Top positive review
17 people found this helpful
A great resource for people of all ages
on September 9, 2012
I was over halfway through this book when I realized it was meant for a younger audience. I saw it on display with other Titanic books at the library, in honor of the 100th anniversary of the sinking, and thought it looked like a good book. But even if it is geared towards a younger crowd, even an adult Titanic buff can appreciate it. So many people were on board, and there are still so many angles to the ship's construction, the early days before it sailed from Queenstown into the Atlantic, the people who were on board, the sinking, the rescue of the survivors, the aftermath, and the ship's discovery decades later. There's always a new way to approach the material and provide new insights and unearthed facts. People who claim that there are "too many" books about the Titanic (or any other popular era or topic in history, like World War II) either aren't reading enough variety on the subject, or don't realize it's not "the same old story told a hundred ways."
I loved all the pictures in this book, particularly from future priest Frank Brown, a shutterbug who got a first-class ticket for the ship's two-day maiden voyage as a present from an uncle. These pictures are such priceless artifacts, documenting the ship in ways we might never have known merely from written descriptions.

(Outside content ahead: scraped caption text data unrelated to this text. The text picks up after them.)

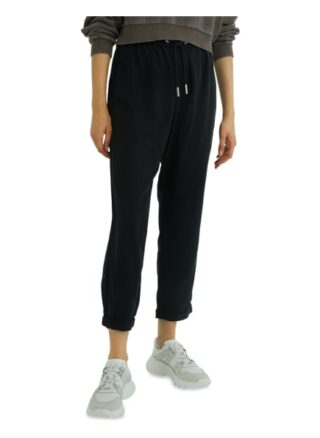 YOUNG POETS SOCIETY Alea Cropped 214 Regular Fit Chino Damen, Schwarz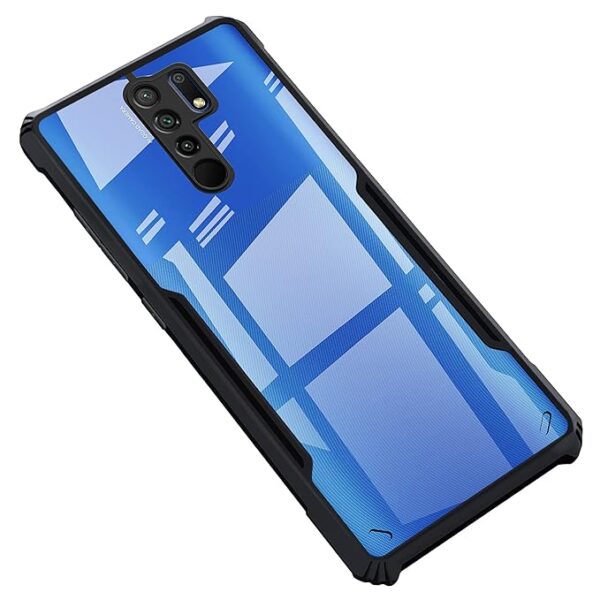SNP-Back Case Cover for Mi Redmi 9 Prime/Poco M2 / Poco M2 Reloaded | Compatible for Mi Redmi 9 Prime/Poco M2 / Poco M2 Reloaded Back Case Cover | (TPU + PC | Matte Black)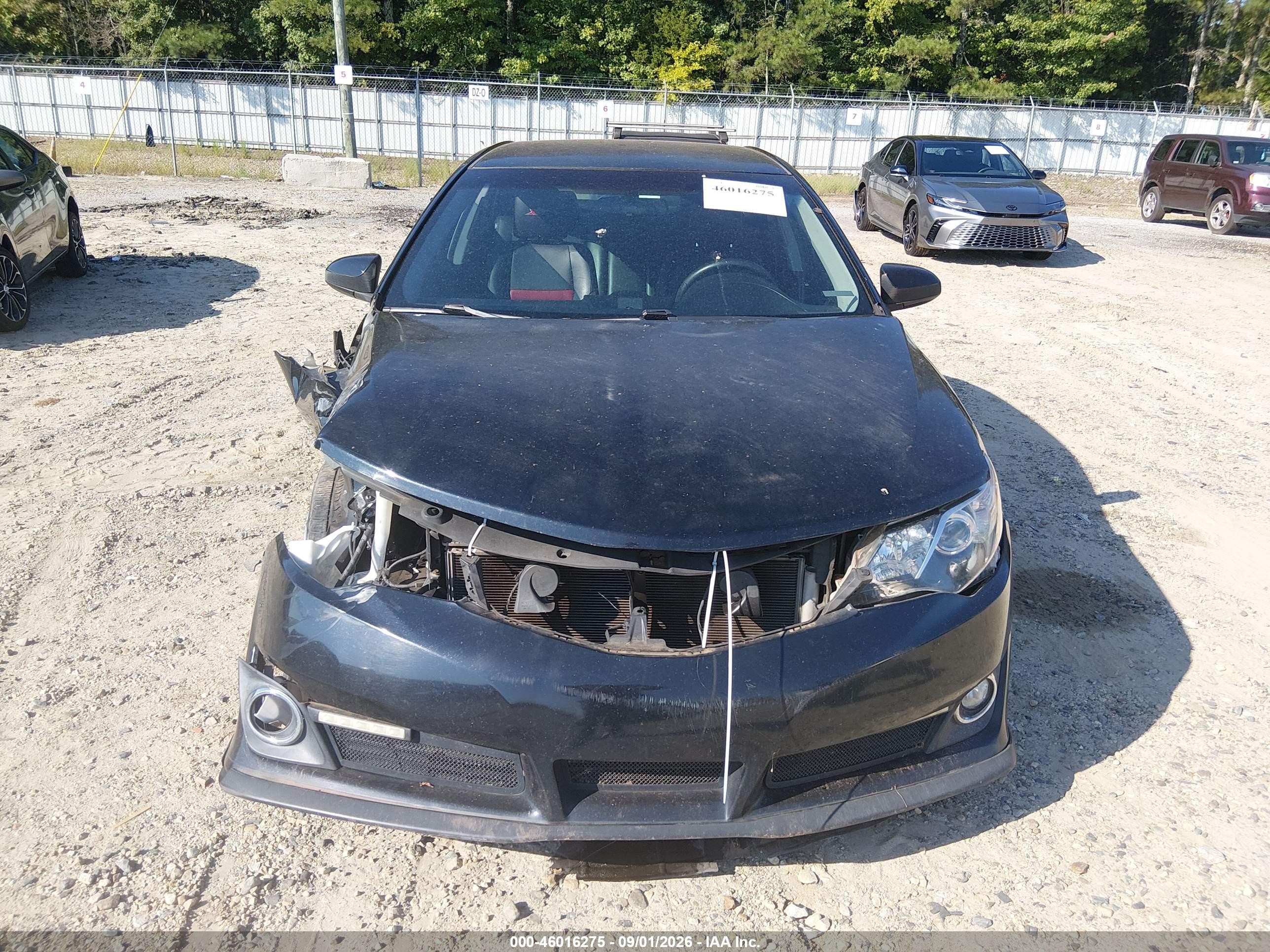 2013 Toyota Camry Se Black vin: 4T1BF1FK5DU258448
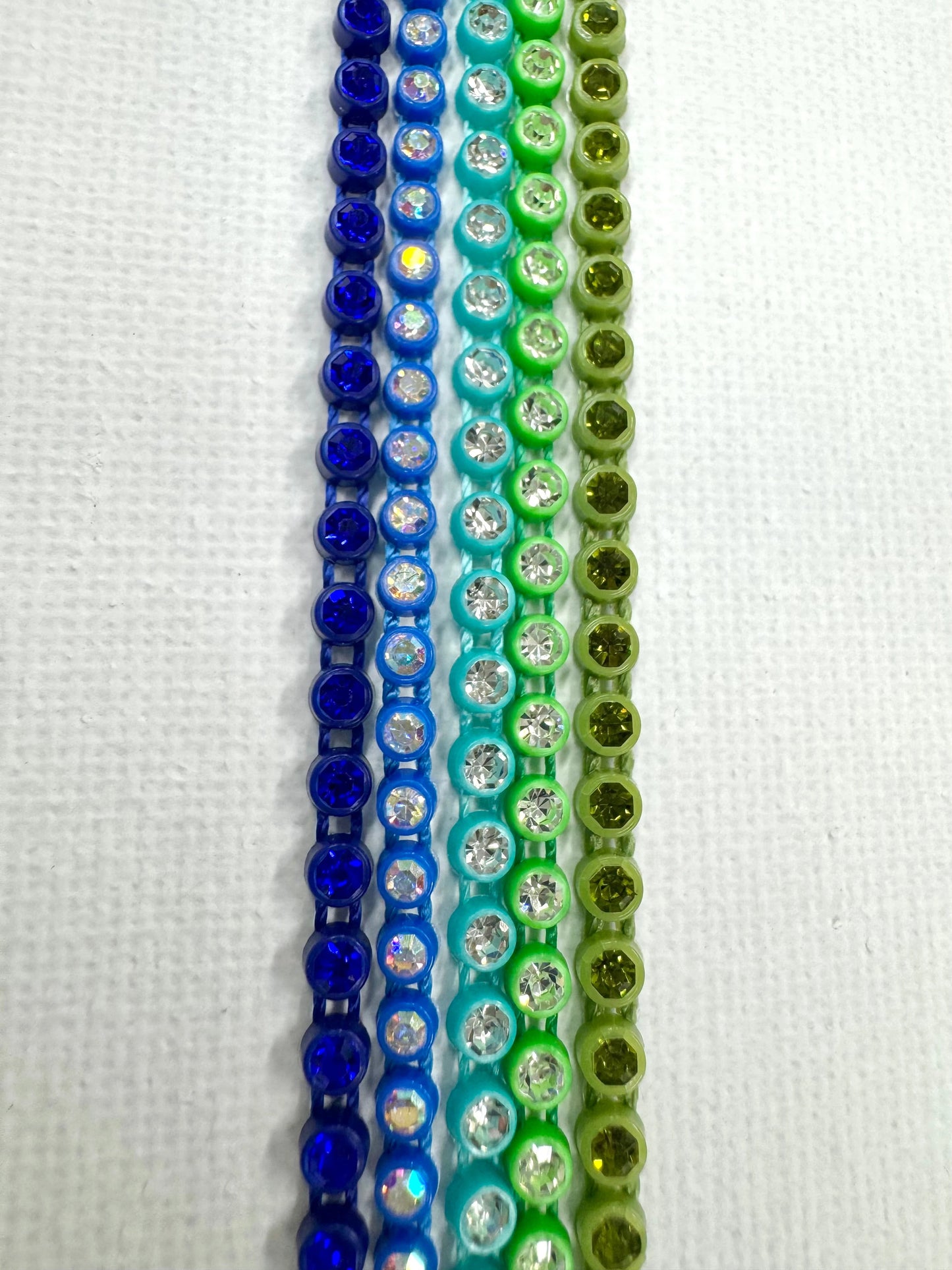 "Blueberry Bunch" 5x1yd Mixed Size Plastic Rhinestone Sundaylace Creations & Bling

Also nice were the inclusion of materials like telegrams, tickets, menus, and witness testimonies. They add so much to the historical narrative. I also like how there was some information on the building of the ship, the White Star line, the Harland and Wolff shipbuilding company, and what led up to building such a gigantic luxury ship. It's always good to have some backstory, since events don't happen overnight or in a vacuum. There can't really be a full understanding or appreciation of Titanic history if all one knows about is the sinking. There was so much more to this story than the famous tragedy.
By focusing on a few passengers in particular (such as young Frankie Goldsmith, stewardess Violet Jessop, Norwegian immigrant Ole Abelseth, science teacher Joseph Beesley, and high school boy Jack Thayer, all of whom survived), it helps to personalize the tragedy. It doesn't mean much to quote figures of how many lived and how many died if one doesn't know who some of the survivors and victims were. Each person had a story that was unique, in spite of the common tragedy they experienced.